Objection. By this way of reasoning it would appear, that the exhausting a people by taxes, makes no vibration in the balance of their wealth.
Answer. If the people be exhausted, it must be by enriching strangers. This case should at present be excluded, as we have laid aside the consideration of foreign relations. But allowing this circumstance also to be implied in the objections made, I agree that every penny of money sent out of a country, for no real and permanent equivalent received in return, operates a vibration in the wealth between nation and nation; but none between subject and subject. To this it is answered, that when taxes are high, many people are ruined while others are enriched. This operates a vibration. I allow it; but then I reply, that by the very supposition in every such case, the money must remain at home; whereas in the former, it was supposed to be expended abroad. Now we are not at present examining the effects of debts and taxes, in changing the balance between man and man, but only between the three cumulative interests above specified, the state, the people, and the creditors.

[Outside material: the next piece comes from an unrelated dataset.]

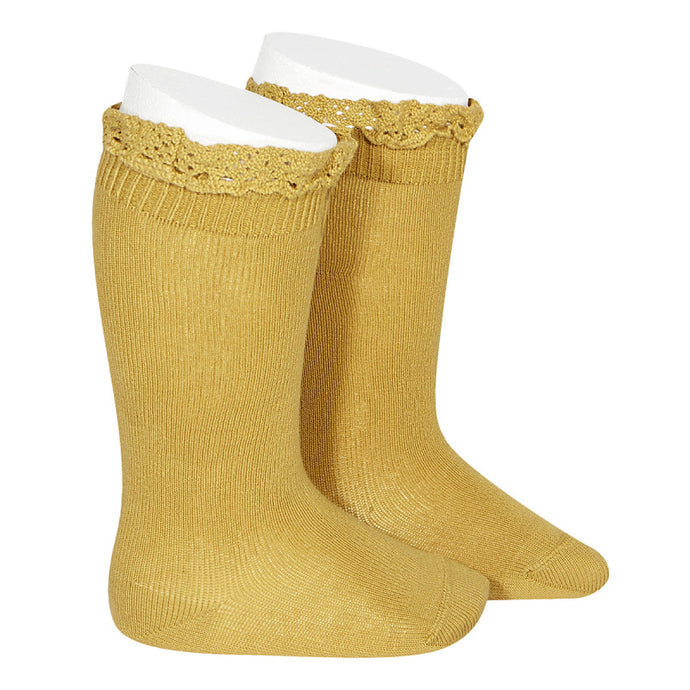 A very special  pair of socks, featuring an beautiful lace edging cuff in a delicate mustard colour.  Very good quality socks. Super soft. It will add a beautiful touch to any outfit!  Condor socks mustard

Let me now ask, what is the effect of taxes on the vibration of the balance of wealth between individuals?
I answer, that whoever pays a tax, appears to pay for a personal service. He receives no corporeal equivalent which can be alienated by him for the same value; and he who is employed by the state, and is paid with the produce of taxes, acquires a balance in his favour against those who pay them. When the amount of taxes goes abroad for foreign services, there can be no alteration upon the balance at home, as has been said; neither is there any when it remains at home: the people and the creditors are as rich as before. Let this suffice at present, as to the effects of debts and taxes upon the balance of national wealth.
Industry is the only method of making wealth circulate, so as to change its balance between the parties; all kinds of circulation which operate no such change, are foreign to the present purpose.
A man dies and leaves his wealth to another, no body loses by this, but he who is no more; a second pays his debts, neither debtor, or creditor can be said to change circumstances by the operation. A merchant buys a quantity of merchandize for ready money, he thereby loses no balance of his wealth; it is true he has given money for consumable effects; but the balance does not operate until the consumption takes place, and as he is not supposed to buy in order to consume, I rank this branch of circulation among those which do not influence the balance.
Thus we find two different kinds of circulation in a state; one which makes the balance turn, and one which does not. These objects are of no small consequence to be attended to in the right imposition of taxes, as shall, in its proper place, be more fully explained. At present it is sufficient to observe, that the proper time of laying on taxes is at the time of circulation: because the imposition may then be always exactly proportioned to the sum circulating; consequently, to the faculties of the persons severally interested.
In all excises, or taxes upon consumption, it is the money of the consumer which is taxed, in the instant of the payment; so that he against whom the balance is to turn, has the additional load to pay. This species of tax, imposed at the time of circulation, is what produces the largest sums to a state. I never heard of a proper expedient for taxing the person in whose favour the balance is to turn, though from the principles which are afterwards to be laid down, we may perhaps discover one.
As for the other species of circulation, where the balance does not turn, it is not so much the custom to impose very considerable taxes upon it: there are however several examples to be met with which point out how they may be imposed. The casualties paid upon the change of vassals, or upon the fall of lives, in leases upon upon lands in England; the confirmation of testaments in Scotland; investitures in Germany; the centiéme denier, the lods et ventes, and the control upon the acts of notaries in France; the emoluments of the Rota in Spain, and in many Roman Catholic countries, are of this species. Upon the same principle, taxes more or less considerable might be laid upon every branch of this kind of circulation; for which purpose, it would be highly necessary to find out all the ramifications of it, by analysing it to the bottom, as we have hitherto run through it very superficially.